Last week, in the state’s annual budget, New York lawmakers proposed suspending the state’s gasoline tax for the final six months of the year. Tax experts say such one-off steps don’t come close to matching the benefits taxpayers would get if the brackets were adjusted for inflation.
New York State Senator and senior member of the GOP committee Tom O’Mara said he’s pushing to make that happen in the next budget and expected preventing further “stealth tax” increases “to New Yorkers annually could save about $300 million.”

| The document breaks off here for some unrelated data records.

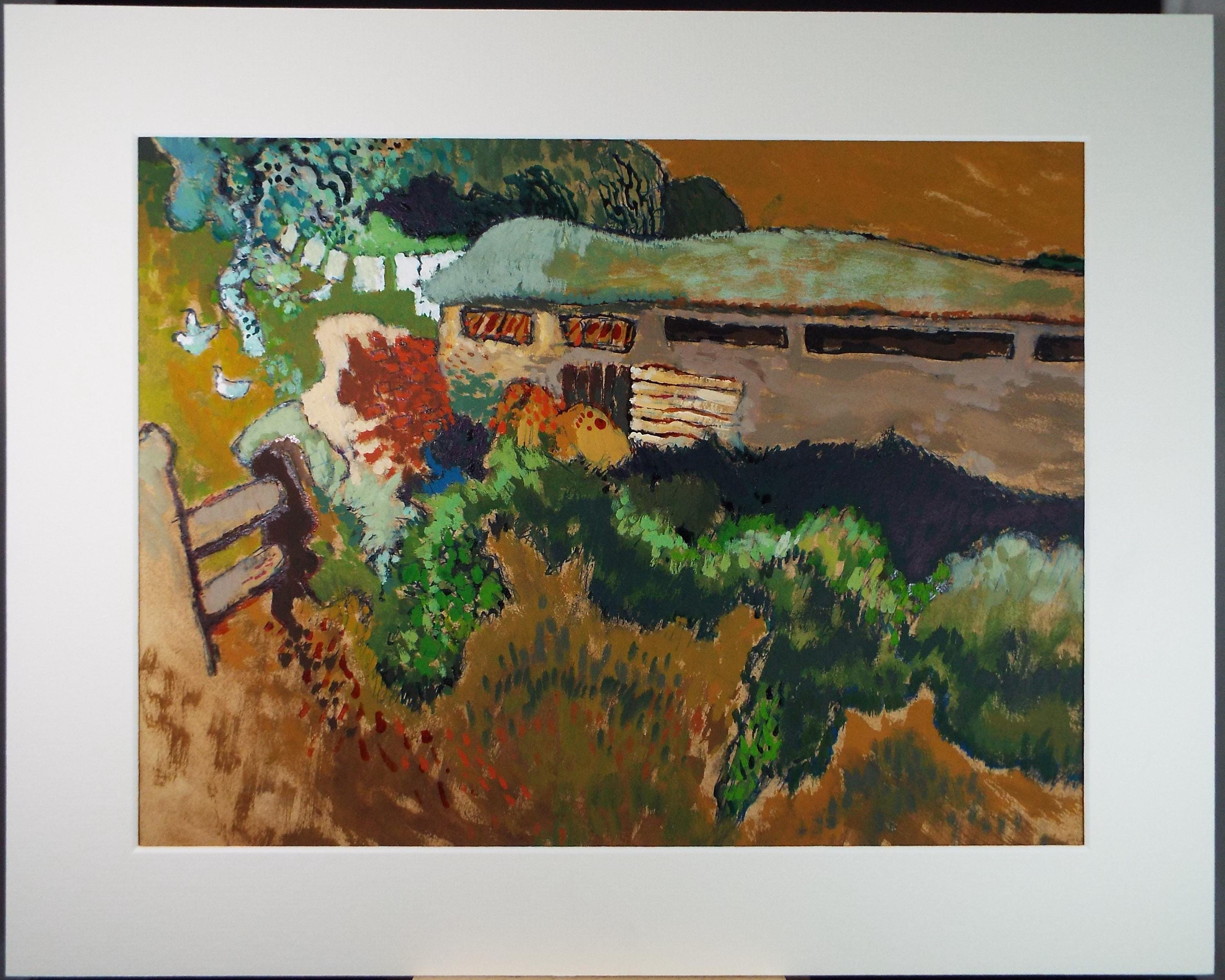 Original Watercolour & Gouache, 'The Farmstead', Circa 1970's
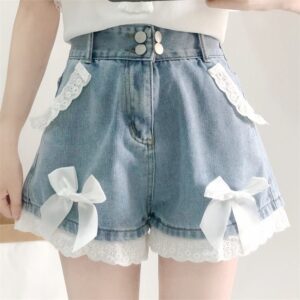 Kinky Cloth Lace Hem Bow Denim Shorts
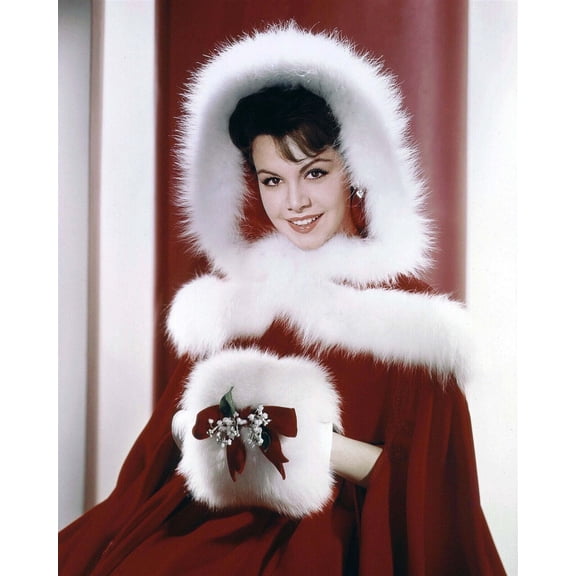 Annette Funicello looks cute in red Santa cape & fur trimmed hood 4x6 photo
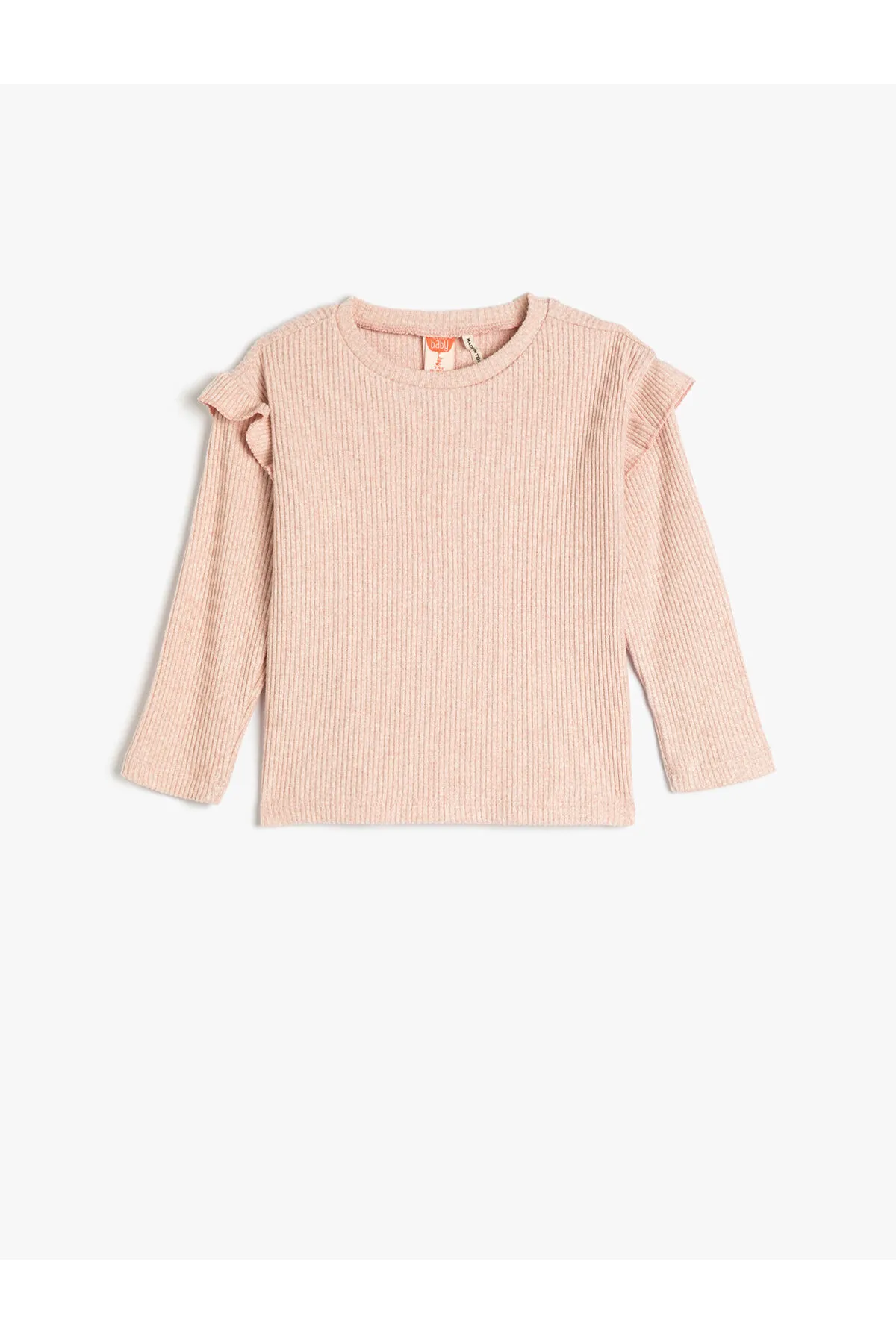 Koton  Basic-T-Shirt mit Rüschen, detailliertem, langärmligem Camisole und Rundhalsausschnitt mit weicher Struktur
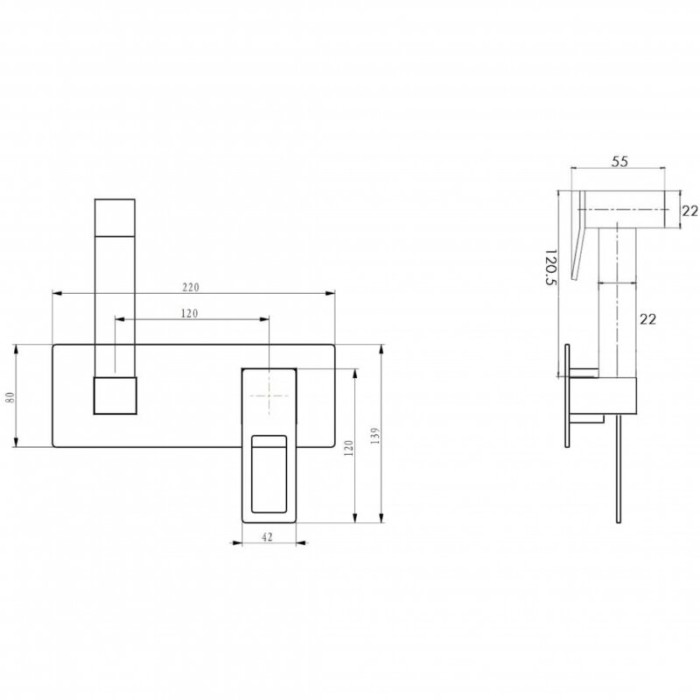 Гигиенический душ со смесителем, черный, Q Boheme 147-BCR
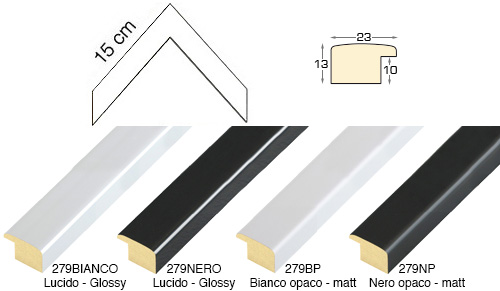 Complete set of corner samples of moulding 279 (4 pieces)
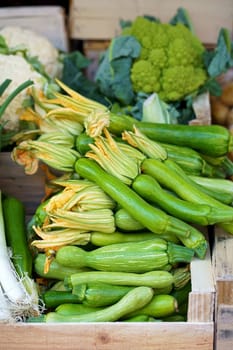 Nice. French market. Fresh zucchini with flowers sold at the market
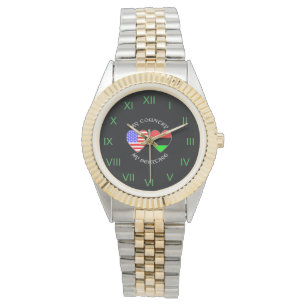 Montre Drapeau de la diaspora africaine USA Cœur Patrie H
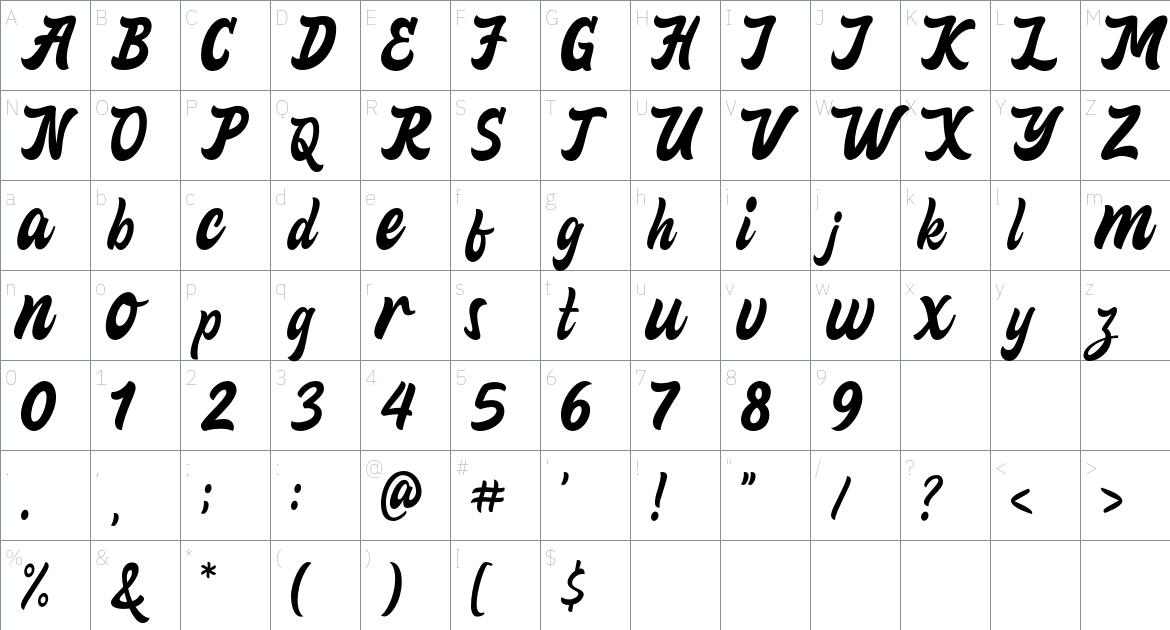 Vanitha Font font Character Map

In some states, failure to adjust for inflation has resulted in almost comical tax tables. In Alabama, the upper limit is $3,000 — a figure introduced in the depths of the Great Depression in 1935, when $3,000 was equal to $62,000. According to Walczak, there are six states where the top tax bracket is under $10,000 and hasn’t been updated in decades.
“Bracket creep occurs when inflation pushes taxpayers into higher income tax brackets or reduces the value of credits, deductions, and exemptions. Bracket creep leads to an increase in income taxes without an increase in real income. Many tax rules – both federal and state – are adjusted for inflation.”
“It’s mainly low earners who are burdened,” adds Charles Myers, chairman and founder of the management consultancy Signum Global Advisors. “Wage gains are diluted by the higher cost of living and higher taxes…sometimes families fall behind despite wage increases.”
While some states are trying to change tax laws to address tax bracket creep, at least some policy observers are skeptical that policy will change soon enough to address the immediate costs of rising inflation.
“Former Fed Chairman Paul Volcker raised interest rates in the 1970s and 1980s to bring the Fed rate in line with the rate of inflation, and in doing so he crushed inflation.
Anthony Bucco, a New Jersey state senator, introduced legislation in 2012 to index Garden State tax brackets for inflation.
“Why we’re punishing taxpayers is beyond me,” Bucco said.